This Airline Just Ranked No. 1. in Customer Satisfaction

And it may come as a surprise.

It’s shaping up to be a busy summer for travel and flights — and these airlines may be the best to serve, according to a new ranking.

Southwest Airlines ranked the highest in customer satisfaction for economy and basic economy for the second year in a row, according to a study by J.D. Power that was shared with Travel + Leisure. This comes in spite of the company’s holiday season meltdown in which it canceled thousands of flights and left countless passengers stranded. 

Southwest was followed by Delta Air Lines and JetBlue, which came in at No. 2 and No. 3 on the list for economy, respectively.

Illustration of an airplane taking off through a departure window

Namthip Muanthongthae/Getty Images

When it comes to first and business class, JetBlue actually took the top spot, followed by Delta and United Airlines. Delta ranked as having the best customer satisfaction for its premium economy section.

Despite airlines performing, passenger satisfaction is down 7 points in North America compared to last year, coming in at 791 on a 1,000-point scale. That dissatisfaction, which is largely attributed to rising costs and fees, is part of a larger trend of waning passenger satisfaction and the second consecutive year it dipped.

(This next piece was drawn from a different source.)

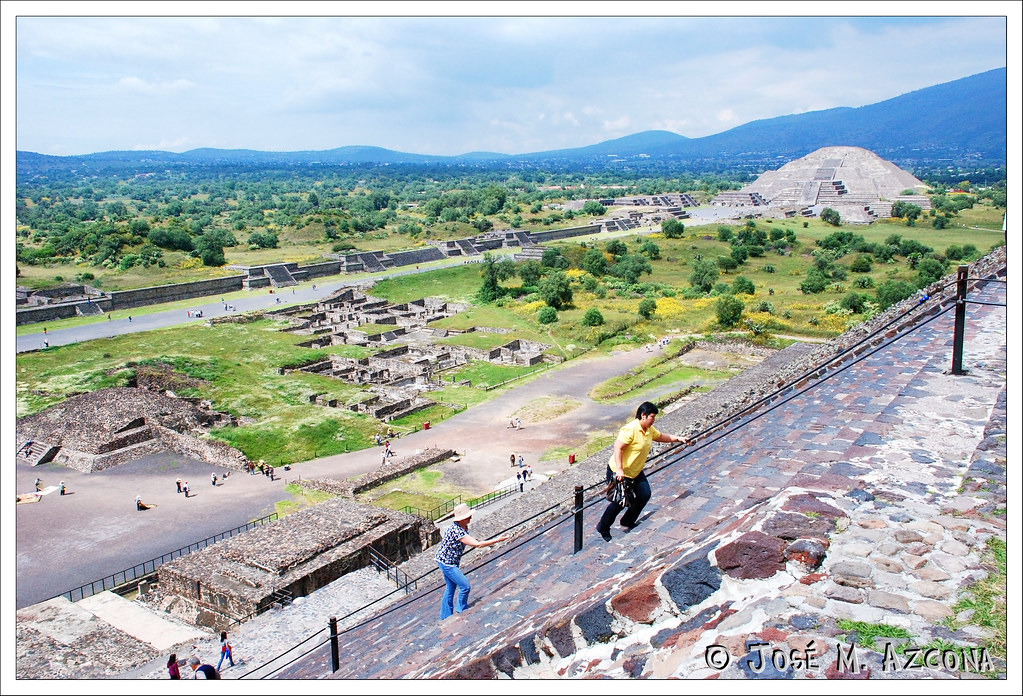 México. Teotihuacan. Pirámide de la Luna desde la Pirámide del Sol y Calzada de los Muertos.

“From the customer perspective… planes are crowded, tickets are expensive and flight availability is constrained,” Michael Taylor, travel intelligence lead at J.D. Power, said in a statement provided to T+L. “While these drawbacks have not yet put a dent in leisure travel demand, if this trend continues, travelers will reach a breaking point and some airline brands may be damaged.”

The study, which was based on a survey held from March 2022 through March 2023, examined everything from the aircraft flown to airline policies on baggage, boarding, check-in, cost and fees, flight crew, in-flight services, and reservations.

The satisfaction rankings come as the airline industry is gearing up for a busy summer. Last month, for example, Delta reported its international flights were already 75 percent booked for the summer. And international airfare is expected to reach a 5-year high with the increase attributed to a combination of lower supply, high fuel costs, and high demand.